Loading libraries

rm(list = ls())
library("gstlearn")
## 
## Attaching package: 'gstlearn'
## The following objects are masked from 'package:base':
## 
##     message, toString
library("tidyr") # essentially, for drop_na function 

1. Neighborhood

Setting global variables

verbose = TRUE 
flagGraphic = TRUE 

# space dimension 
ndim = 2
defineDefaultSpace(ESpaceType_RN(),ndim)
## NULL

Setting seed for the random number generator

law_set_random_seed(5584)
## NULL
set.seed(13155)

A Poisson data set will be generated and various neighborhoods will be explored around a specific node of a regular grid

dxref = 0.1
grid = DbGrid_create(nx = c(10,10),
                     dx=c(dxref, dxref))
xlim = grid$getExtrema(0)
ylim = grid$getExtrema(1)

1.1 Random Point data set

Setting parameters for the dbgrid hosting the data

coormin = grid$getCoorMinimum()
coormax = grid$getCoorMaximum()
nech = 100
data = Db_createFromBox(nech, coormin, coormax)

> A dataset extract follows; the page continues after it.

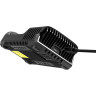 Зарядное устройство NITECORE UMS2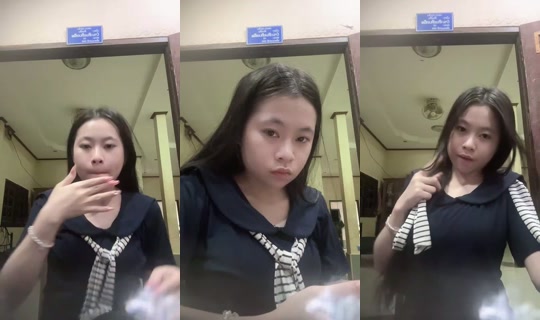 1124258223 Bigo Live — Aug 21, 2026, 1:42 PM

Plotting the data (if needed for more control over the graph parameters, use ggplot instead)

ggDefaultGeographic()+
  plot.point(data, flagCst=True)+
  plot.decoration(xlab="Easting", ylab="Northing")

1.1.1 Standard neighborhood

Defining a standard moving neighborhood

nmini = 1
nmaxi = 15
radius = 0.3
nsect = 8
nsmax = 3
neigh = NeighMoving_create(flag_xvalid = FALSE, 
                           nmaxi = nmaxi,
                           radius = radius, 
                           nmini = nmini, 
                           nsect = nsect, 
                           nsmax = nsmax)
neigh
## 
## Moving Neighborhood
## ===================
## Minimum number of samples           = 1
## Maximum number of samples           = 15
## Number of angular sectors           = 8
## Maximum number of points per sector = 3
## Maximum horizontal distance         = 0.3

Attaching the neighborhood to the grid and selecting the neighbors retained

node = 55
neigh$attach(data, grid)
## [1] 0
ranks = VectorInt()
neigh$select(node, ranks)
## NULL
dataSel = data$clone()
dum = dataSel$addSelectionByRanks(ranks)

Plotting the result

ggDefaultGeographic()+
  plot.point(data,
             color = "red")+
  plot.point(dataSel,
             color = "blue") + 
  plot.neigh(neigh = neigh,
             grid = grid, 
             node = node, 
             flagCell = FALSE)+
  plot.decoration(title="Standard Neighborhood", 
                  xlab="Easting",
                  ylab="Northing")
## Warning in names(guides$guides)[to_change] <- paste0(names(guides$guides), :
## number of items to replace is not a multiple of replacement length

1.1.2 Defining variable block extensions

In the following chunk, variables are generated in the grid containing the cell extension. This cell extension replaces the constant value of the mesh. The new values define blocks around each sample point that will be represented below

# defining the parameters 
nech = grid$getSampleNumber()
mini = 0.5
maxi = 2.5
blx = numeric()
bly = numeric()

# adding the random values 
for (i in 1:nech){
  blx = append(blx, runif(n = 1, min = mini, max = maxi))
  bly = append(bly, runif(n = 1, min = mini, max = maxi))
}
blx = dxref*blx
bly = dxref*bly

# incorporating the columns into the data base : 
dum = grid$addColumns(blx, "X-ext", ELoc_BLEX(), 0)
dum = grid$addColumns(bly, "Y-ext", ELoc_BLEX(), 1)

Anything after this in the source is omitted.